AIM OF THE EXERCISE:
In the entries below, find the line containing "GREGG Mens Lapel" and the line containing "MYOB Certificate". Copy those two lines and everything between them exactly, without the pictures.

TASK INPUTS:
-=-=-
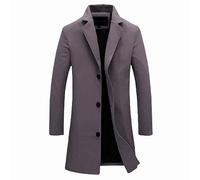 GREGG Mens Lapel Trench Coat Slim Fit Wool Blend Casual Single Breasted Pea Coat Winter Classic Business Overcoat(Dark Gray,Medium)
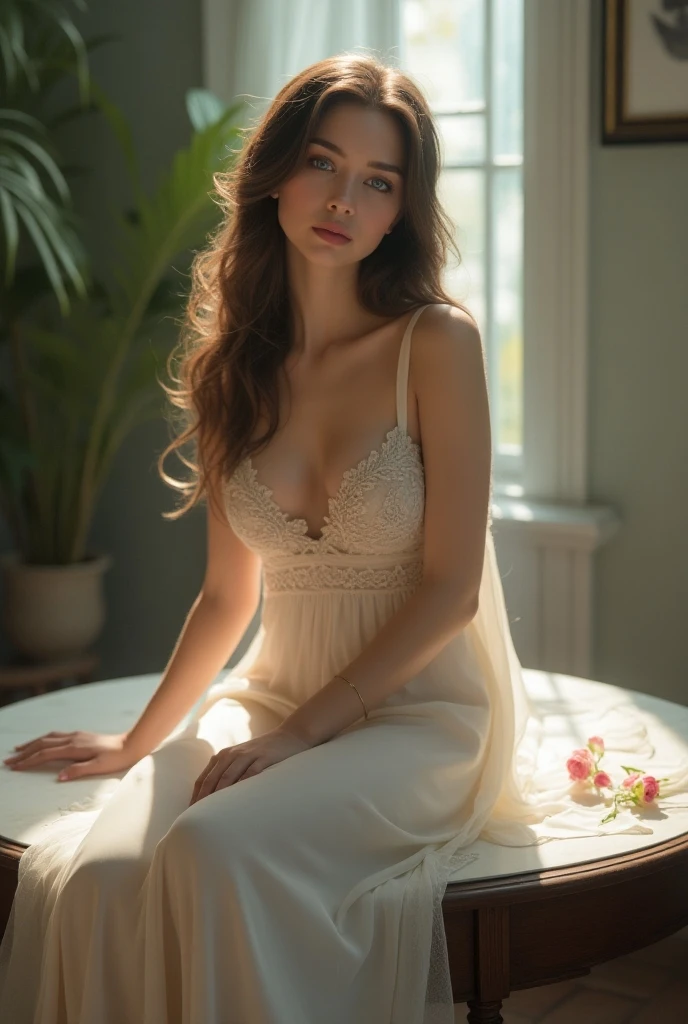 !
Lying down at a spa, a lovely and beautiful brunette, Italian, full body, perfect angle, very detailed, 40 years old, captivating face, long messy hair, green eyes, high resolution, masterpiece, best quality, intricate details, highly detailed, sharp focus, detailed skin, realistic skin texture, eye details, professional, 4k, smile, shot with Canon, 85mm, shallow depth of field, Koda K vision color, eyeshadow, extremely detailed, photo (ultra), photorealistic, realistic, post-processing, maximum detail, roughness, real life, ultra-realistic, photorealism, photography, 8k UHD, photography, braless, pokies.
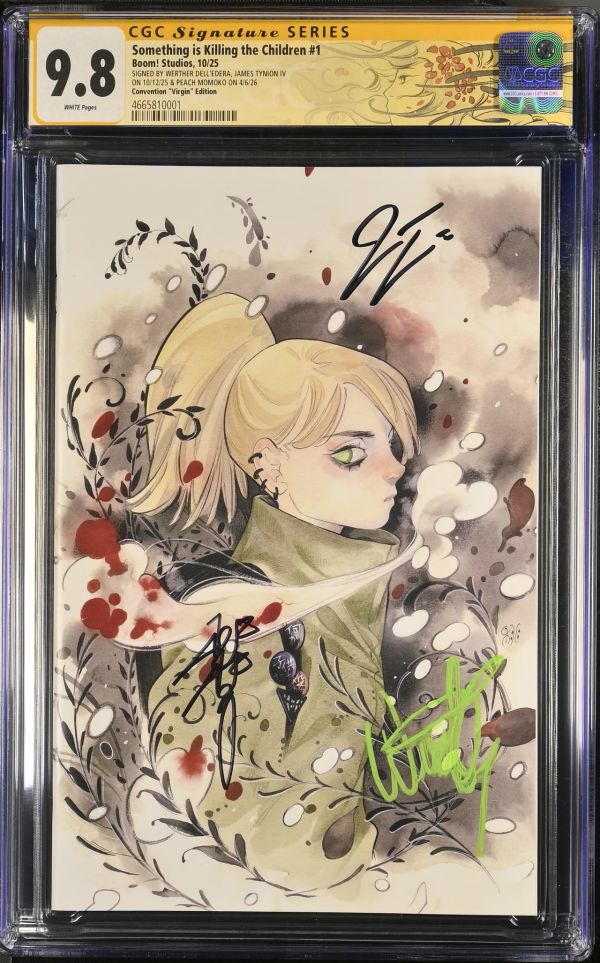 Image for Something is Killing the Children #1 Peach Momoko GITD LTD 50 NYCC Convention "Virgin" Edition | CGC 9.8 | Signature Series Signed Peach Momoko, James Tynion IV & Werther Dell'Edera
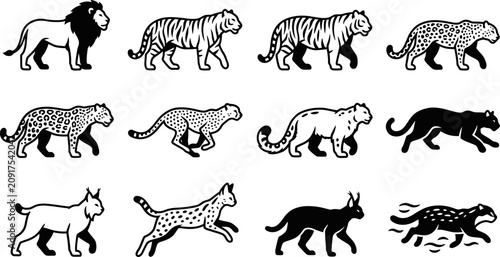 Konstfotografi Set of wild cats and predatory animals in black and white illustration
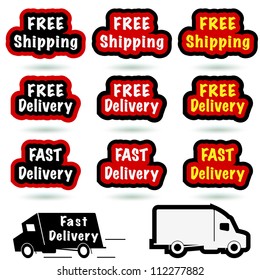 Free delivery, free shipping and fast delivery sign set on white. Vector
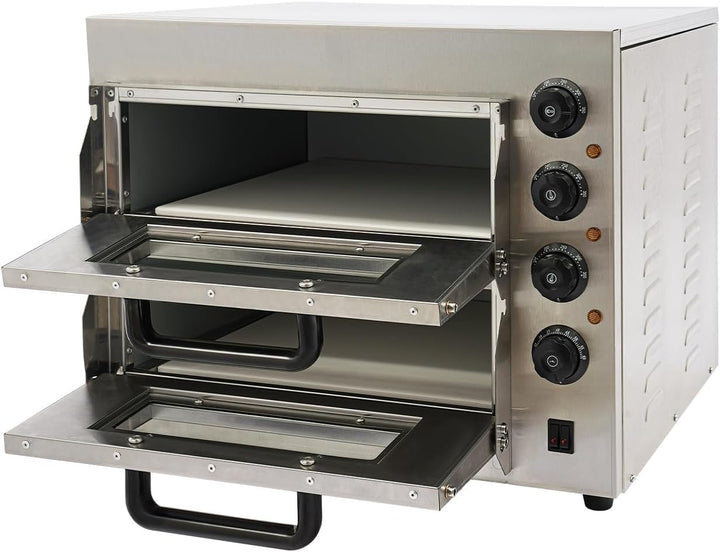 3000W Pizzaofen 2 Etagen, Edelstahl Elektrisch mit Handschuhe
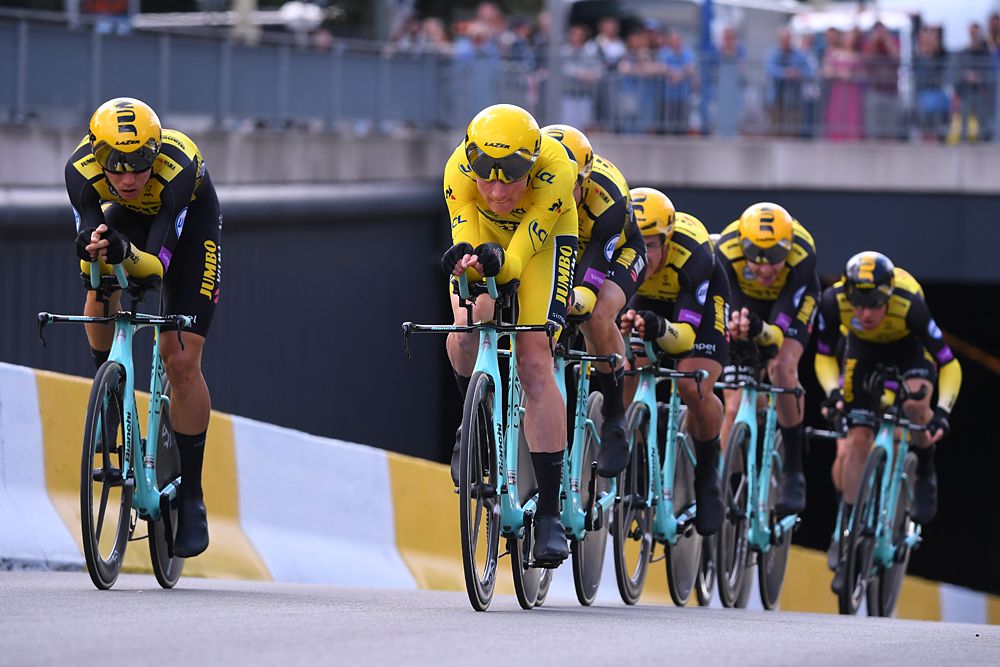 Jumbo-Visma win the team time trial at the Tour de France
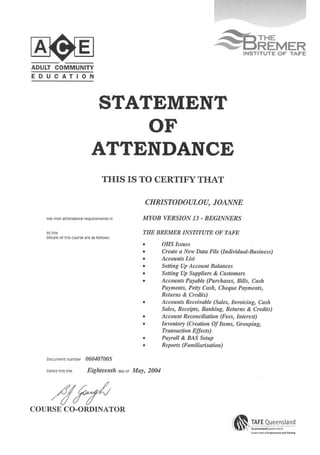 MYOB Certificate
-=-=-
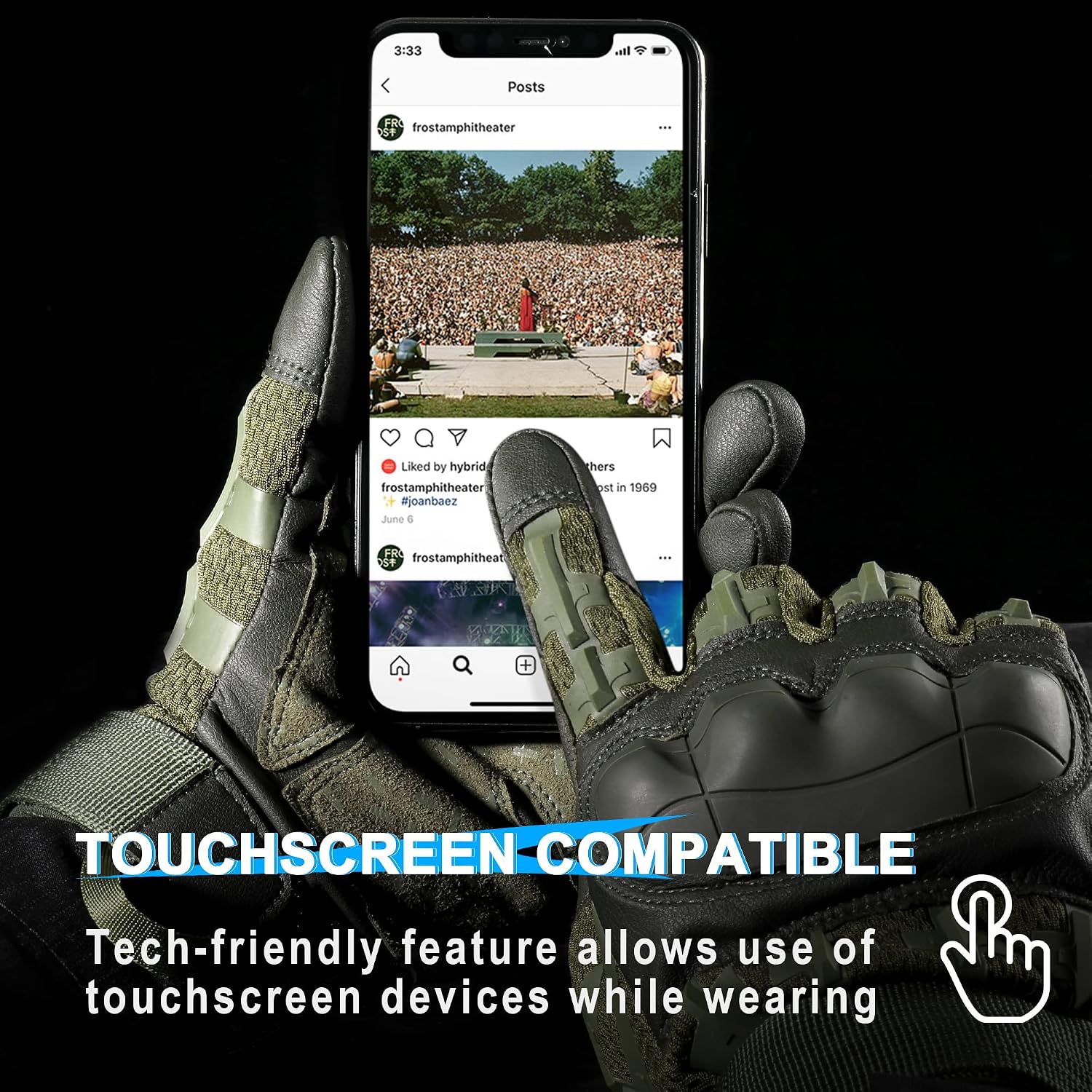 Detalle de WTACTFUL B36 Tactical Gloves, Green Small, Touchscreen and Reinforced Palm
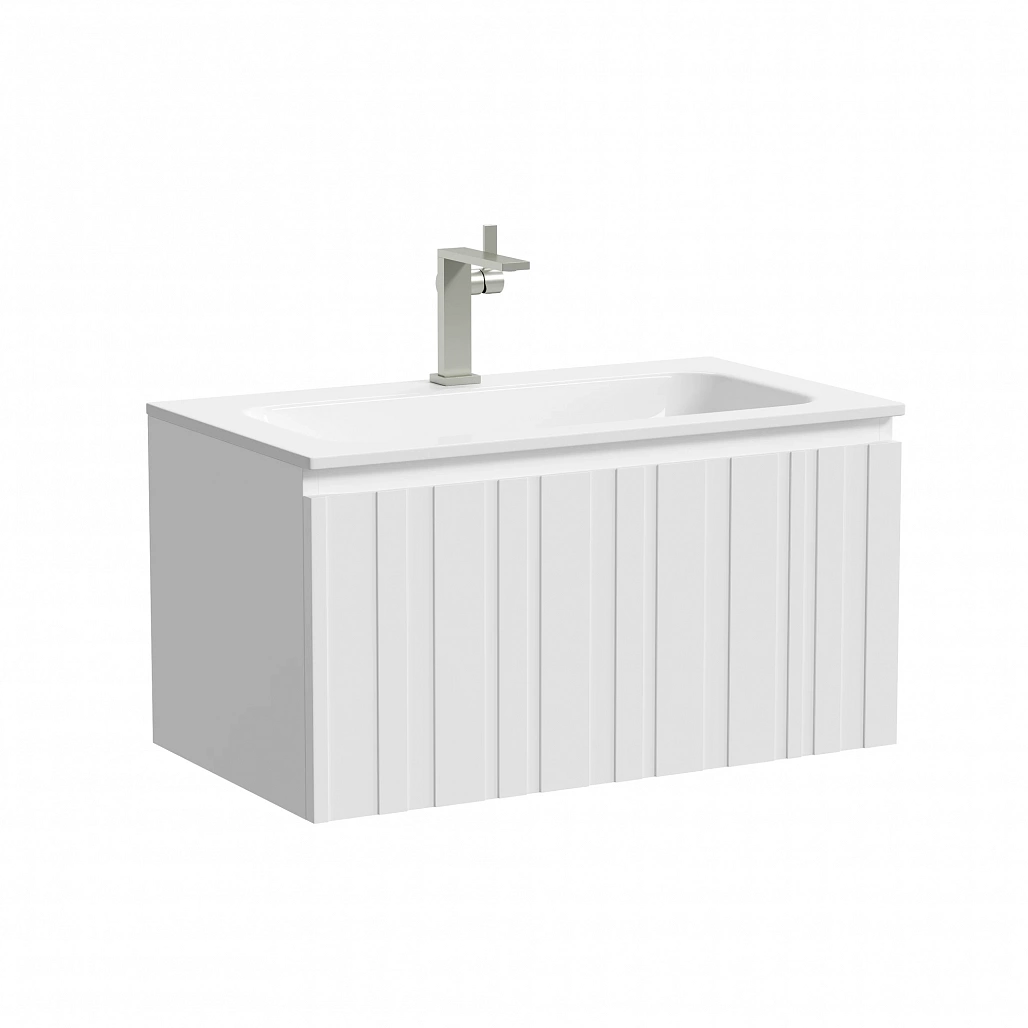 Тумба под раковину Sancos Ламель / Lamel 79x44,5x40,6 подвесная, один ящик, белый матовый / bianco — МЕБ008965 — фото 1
-=-=-
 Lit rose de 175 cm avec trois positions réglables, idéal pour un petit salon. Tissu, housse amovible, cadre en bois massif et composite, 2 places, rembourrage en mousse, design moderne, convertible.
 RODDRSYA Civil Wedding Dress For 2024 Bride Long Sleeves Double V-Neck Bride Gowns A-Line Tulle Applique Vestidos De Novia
-=-=-
THE COMPLETED TASK:
 GREGG Mens Lapel Trench Coat Slim Fit Wool Blend Casual Single Breasted Pea Coat Winter Classic Business Overcoat(Dark Gray,Medium)
 !
Lying down at a spa, a lovely and beautiful brunette, Italian, full body, perfect angle, very detailed, 40 years old, captivating face, long messy hair, green eyes, high resolution, masterpiece, best quality, intricate details, highly detailed, sharp focus, detailed skin, realistic skin texture, eye details, professional, 4k, smile, shot with Canon, 85mm, shallow depth of field, Koda K vision color, eyeshadow, extremely detailed, photo (ultra), photorealistic, realistic, post-processing, maximum detail, roughness, real life, ultra-realistic, photorealism, photography, 8k UHD, photography, braless, pokies.
 Image for Something is Killing the Children #1 Peach Momoko GITD LTD 50 NYCC Convention "Virgin" Edition | CGC 9.8 | Signature Series Signed Peach Momoko, James Tynion IV & Werther Dell'Edera
 Konstfotografi Set of wild cats and predatory animals in black and white illustration
 Free delivery, free shipping and fast delivery sign set on white. Vector
 3000W Pizzaofen 2 Etagen, Edelstahl Elektrisch mit Handschuhe
 Jumbo-Visma win the team time trial at the Tour de France
 MYOB Certificate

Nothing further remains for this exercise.